Certains présidents de clubs ont déjà réagi également comme Ioan Niculae, président de l’Astra Giurgiu : « Pour moi, c’est totalement terrifiant ! Nous tous, qui mettons de l’argent dans le football, devons réfléchir sérieusement si nous allons continuer. Si Popescu souffre de cette décision… Il a été acquitté par plusieurs juges, aujourd’hui je vois qu’il est condamné. C’est la Roumanie ! Pour chaque euro investi, je paye 80 cents à l’état. Ces gars ont fait une erreur en mettant de l’argent dans le football, plutôt que dans leur business. »
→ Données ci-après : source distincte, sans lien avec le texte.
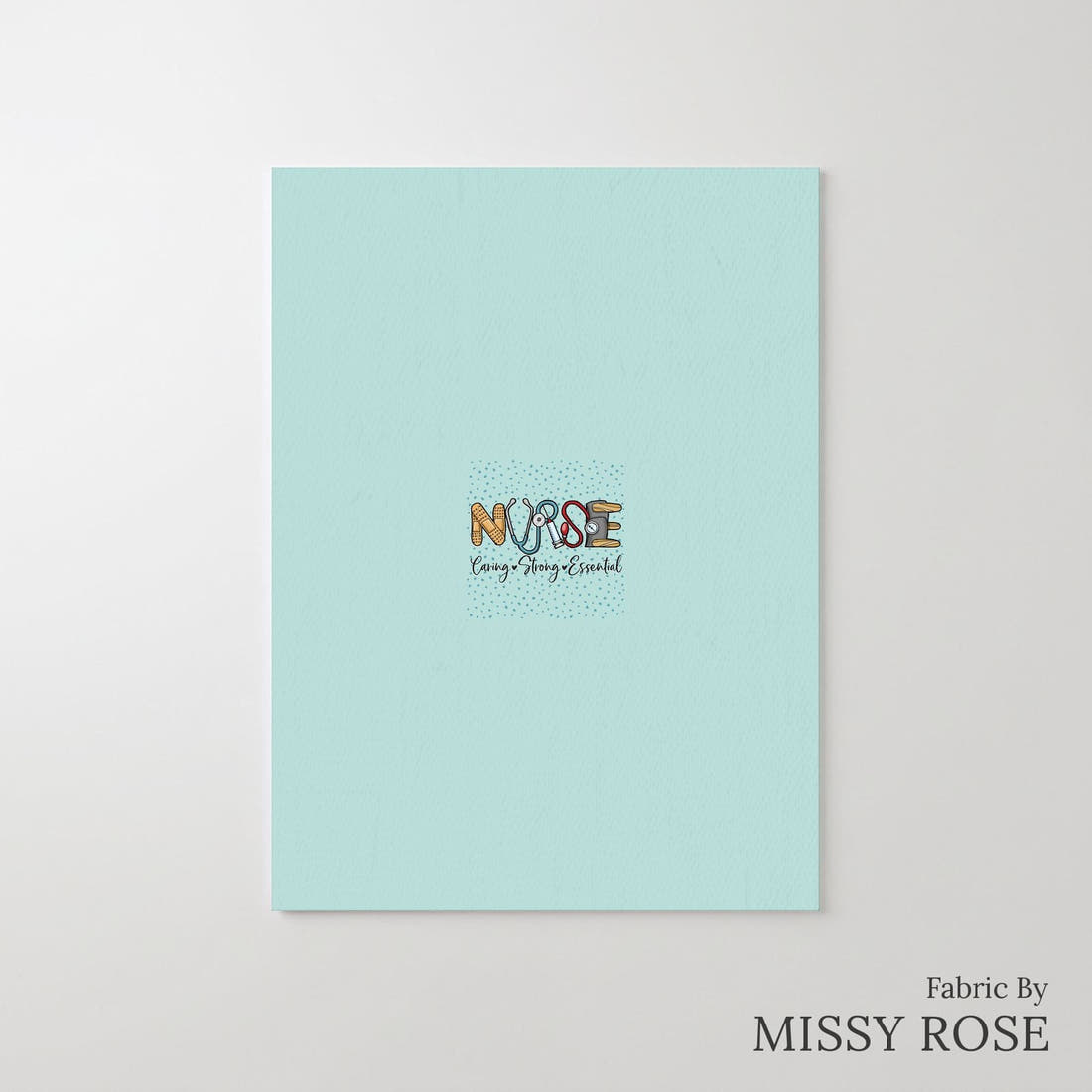 Design 482 Nursing Panel – printed fabric panel with centred picture, custom printed to order | Fabric by Missy Rose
Dumitru Dragomir, président très controversé de la Ligue Roumaine, a déclaré : « La décision de la cour a surpris tout le monde et a attristé de nombreux hommes du monde du football. J’ai collaboré avec la majorité de ceux qui vont aller en prison et je peux vous dire avec une conviction sincère qu’ils ont fait beaucoup plus de bien que de tort au football. Copos a fait du Rapid une équipe européenne, avec un énorme investissement personnel. Cristi Borcea et Stoica ont eu de grandes performances que ce soit au Dinamo pour l’un ou à Galati, au Steaua ou à Urziceni pour l’autre. Regardez ce que sont devenus le Dinamo et Urziceni sans eux, cela montre que ce sont des hommes compétents. Cela me parait aussi dur pour les frères Becali qui ont amené dans le pays de l’argent grâce auquel des clubs ont pu vivre de belles années. Je leur souhaite la santé et la force pour surmonter cette décision choquante et que la décision en appel leur offre une solution favorable. »
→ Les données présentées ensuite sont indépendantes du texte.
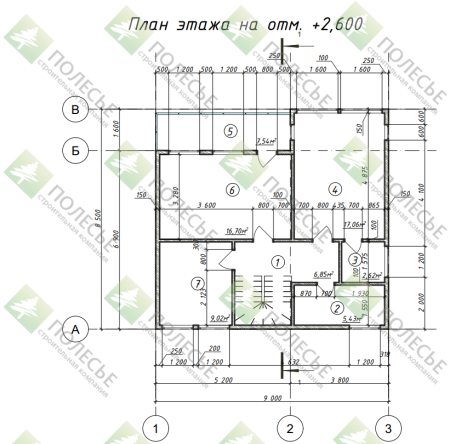 Каркасный дом ВЕГАС 9х9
Les deux dernières déclarations d’hommes influents du football roumain montrent une déconnexion totale des hommes du football roumain avec la justice. Plutôt que de saluer un possible futur plus sain du football roumain, ils mettent en exergue l’incompréhension quant à une décision de justice qui semble tout à fait fondée. Nul ne sait si cette décision marquera le début d’une nouvelle ère dans le football roumain mais il semble que l’impunité dont jouissaient certaines personnalités du football roumain est aujourd’hui révolue.